— Хотел бы я в это верить… — усмехнулся Сергей. — А почему ты так считаешь? Цыганка нагадала?
— Опыт, дорогой! Смерть избегает встреч со мной!
— Ну, ну…
— Нет, серьезно. Я понял это, когда в геологии начал работать. В 75-ом со мной случились три неприятности.
Расскажу по порядку: в конце мая, мне впервые в жизни доверили документировать забой на пятой штольне. Пришел с горным мастером, как и полагается по технике безопасности. Он ломиком основательно прошелся по кровле и стенкам, заколы[15] снял и разрешил работать. Гордость так и распирала меня: это не какие-то канавы или керн документировать, а штольню — тяжелую горную выработку, да еще, идущую по рудному телу! В обстановке необычайного душевного подъема я зарисовал забой и начал набрасывать развертку штрека.
И тут мне понадобился компас, чтобы замерить элементы залегания пласта[16]. Я похлопал по карманам, посмотрел в полевой сумке — нигде нет. Оглянулся вокруг и в ярком луче недавно снятого с зарядки фонаря увидел компас у кромки забоя. Забыл, оказывается на камешке, когда азимуты мерил.
И только я шаг ступил в сторону забоя, как с кровли чемодан упал весом килограммов триста… Аккуратненько, на то самое место, где я только что стоял! Упал и кованым уголком карман моей штормовки оторвал… Я только и услышал звук рвущейся ткани и глухой звук — "шмяк!"
А неделей позже я делал повторные пробы на второй штольне. Часа три ковырялся, потом поболтал немного с буровиками, которые в камере напротив бурили, и на обед пошел. Кто-то из проходчиков крупного фазана застрелил, и повариха обещала его в суп положить вместо тушенки. Когда я наслаждался его крылышком, приходят буровики и говорят:
— Счастливый! Как только звуки твоих шагов затихли, рассечка села. Обрушилась прямо в преисподнюю!

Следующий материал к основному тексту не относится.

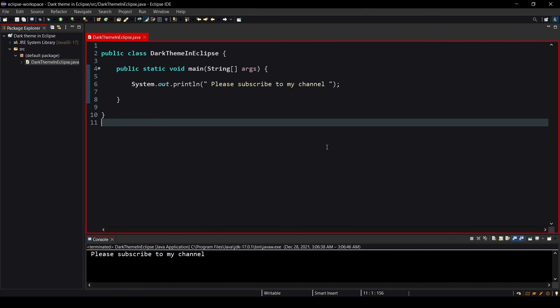So try it and tell me, do you like it or not? If you are a fan of Dracula theme then also try that. I also use Dracula but you can try this one also. Then comment down if you like this theme or Dracula theme. Which one you feel better, just let me know in the comments. This is it for this video. I'll see you in the next video. See you next time.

Но, по сравнению с третьим случаем, все это чепуха. Клянусь, до сих пор понять не могу, как остался "жить и творить"…
В общем, через неделю после обрушения рассечки спускался я с Тагобикуля. Шёл радостный, что живой и здоровый и напевал: "Синий, синий иней…"
Попутно сурков высматривал. Увидел одного и с ходу выстрелил ему в бок. Зверёк закрутился у самого обрыва! Когда он уже в него летел, я попытался схватить сурчонка. Вниз мы летели вместе! И никаких вариантов! Вниз головой с двадцатиметровой высоты! И без всяких деревьев и кустов, которые спасают в фильмах и снах…
… Но чудеса бывают! Через пару секунд свободного полета я ударился о небольшой выступ. Тут же оттолкнулся и, сделав сальто в воздухе, крепко встал на ноги в двух метрах ниже на следующий выступ! Шириной всего пятнадцать сантиметров! Это невероятно, тем более за всю свою жизнь я не сделал ни одного сознательного сальто! Я до сих пор не могу в это поверить!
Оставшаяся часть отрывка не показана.